Founded in 2004, Sentronics is a security technology distributor that has established a successful national footprint over the past five years. To keep growing and serving the security market as it goes through the changes of a tough economy, convergence and the entrance IT integrators onto traditional security turf, Sentronics is making some dramatic changes to its business model.
Bernard Senekal, MD of Sentronics says the company’s enterprise market, made up of systems integrators dealing with the better-known brands in the industry, will continue as is and the company will continue stocking brands such as Pelco and AXIS. At the lower end of the market, however, Sentronics will be changing the face of the South African distribution channel by launching its own OEM brand, Synergy.
Starting with analogue recording products, lenses, cameras and accessories, the Synergy brand will be expanded to incorporate a full set of security products, targeted and priced at the lower end of the market. IP-based Synergy cameras, NVRs (network video recorders) and video servers will also be released this year.

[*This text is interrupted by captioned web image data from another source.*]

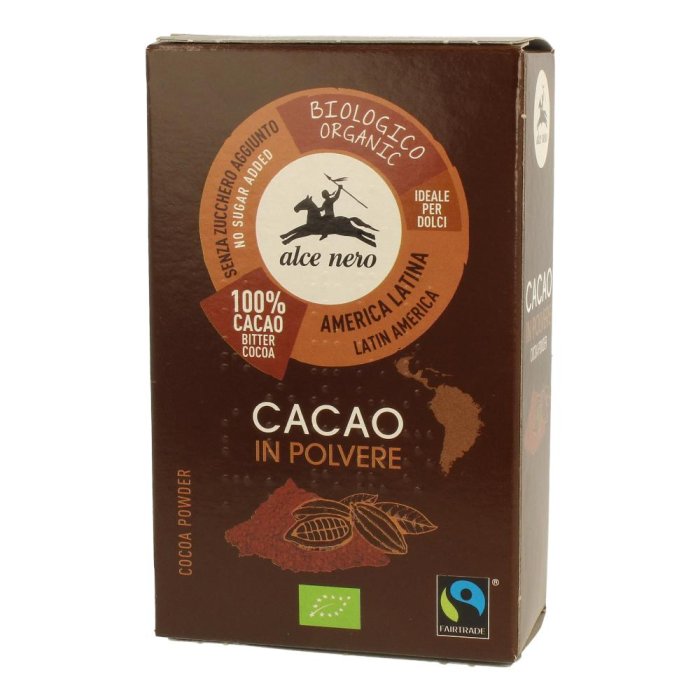 Polvere di cacao biologico equosolidale Alce Nero - 75 g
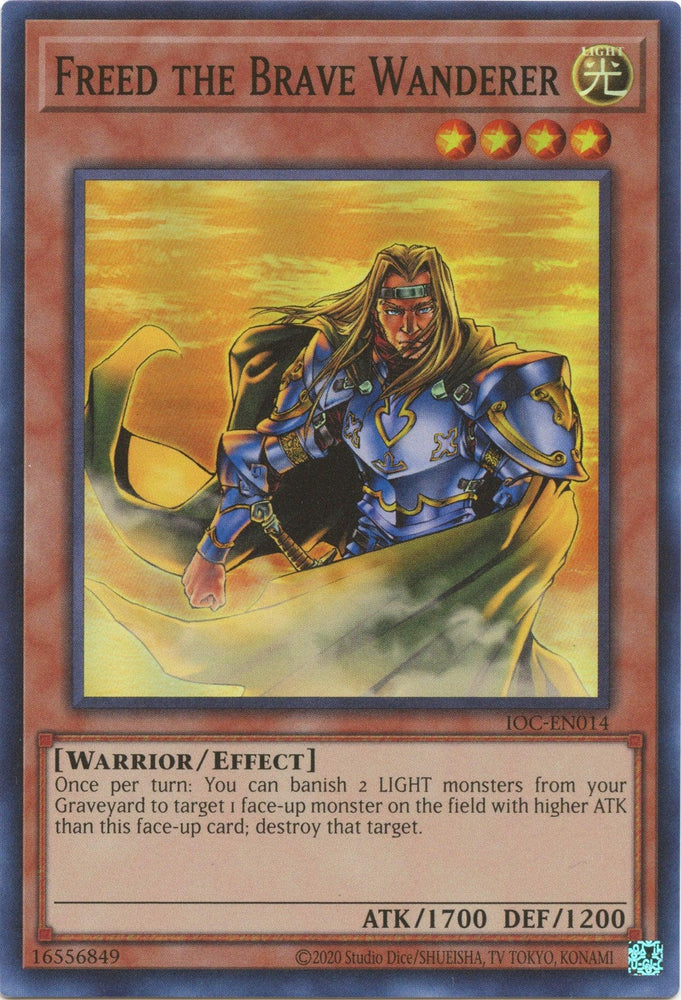 Freed the Brave Wanderer (25th Anniversary) [IOC-EN014] Super Rare (ONLINE ORDER ONLY)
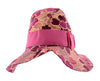 Dolce & Gabbana Pink Elegant Floral Silk Bucket Hat with Grosgrain Bow-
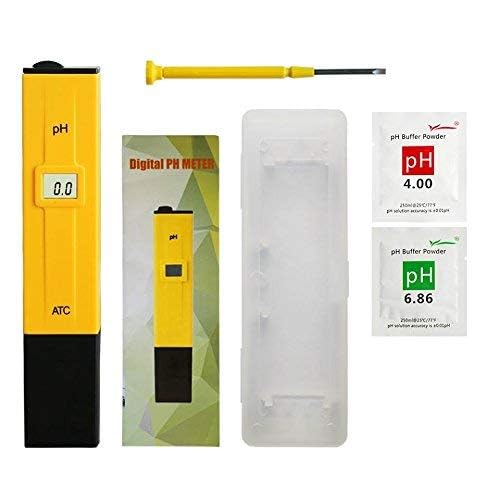 CSI INTERNATIONAL Digital LCD Pocket Pen Type PH Meter for Water Purity (Yellow)-image-46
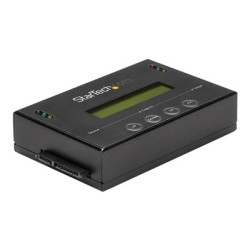 StarTech.com 1:1 Hard Drive Duplicator and Eraser for 2.5" & 3.5" SATA HDD SSD - LCD & RS-232 - 14GBpm Duplication Speed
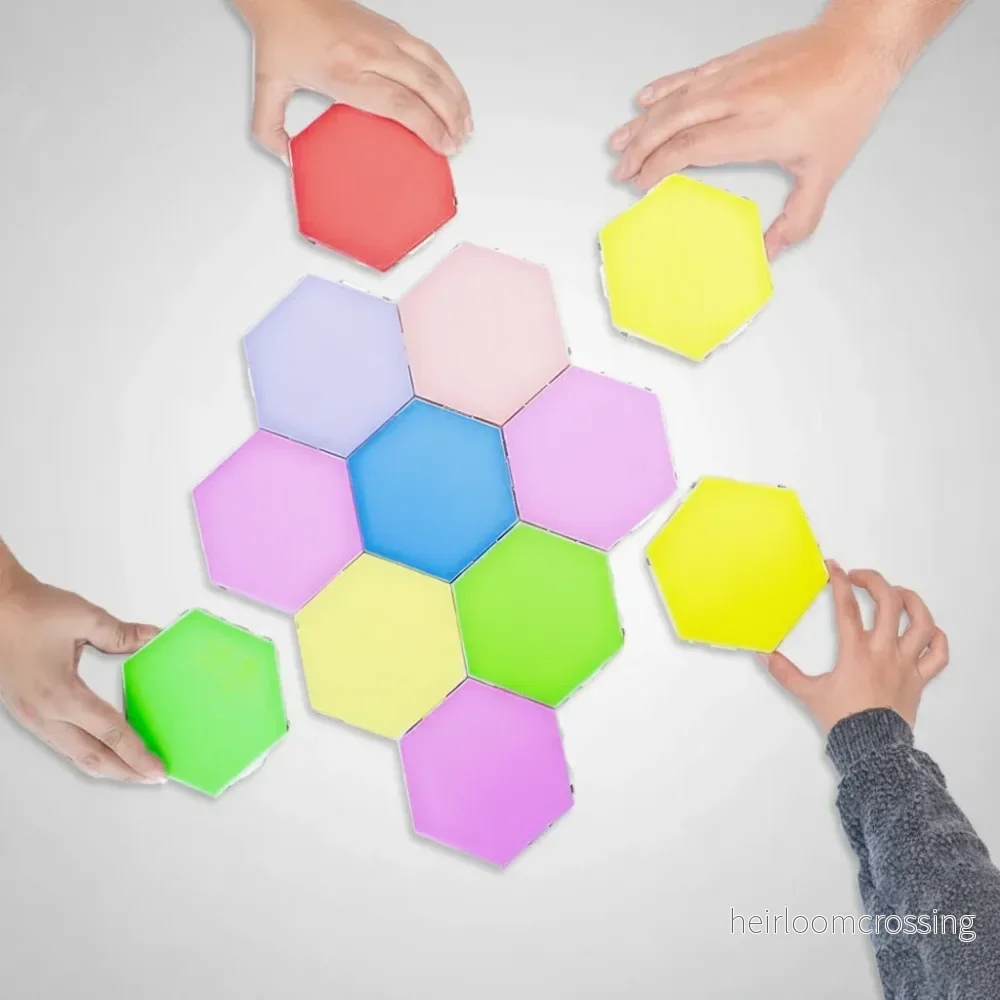 Sexkantiga LED-väggmoduler - HexaGlow - Bild 2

The NVR will handle five-megapixel images and 64 video streams and will be interoperable with Synergy cameras as well as other IP cameras, such as those from Axis Communications and VIVOTEK. The brand will be extended to include access control products in the near future as well.
Senekal says the launch of the Synergy brand will coincide with the relaunch of the company’s Cape Town office. The coastal office will double in size to enable it to focus more intensively on the Western Cape market, including selling the new Synergy range. The Synergy brand itself will see the light of day in April 2010, in time to join in celebrating Sentronics’ fifth birthday.
The response from customers to the news of the Synergy brand has been overwhelmingly positive, says Senekal. He adds that the new brand will also be launched into the rest of Africa in time.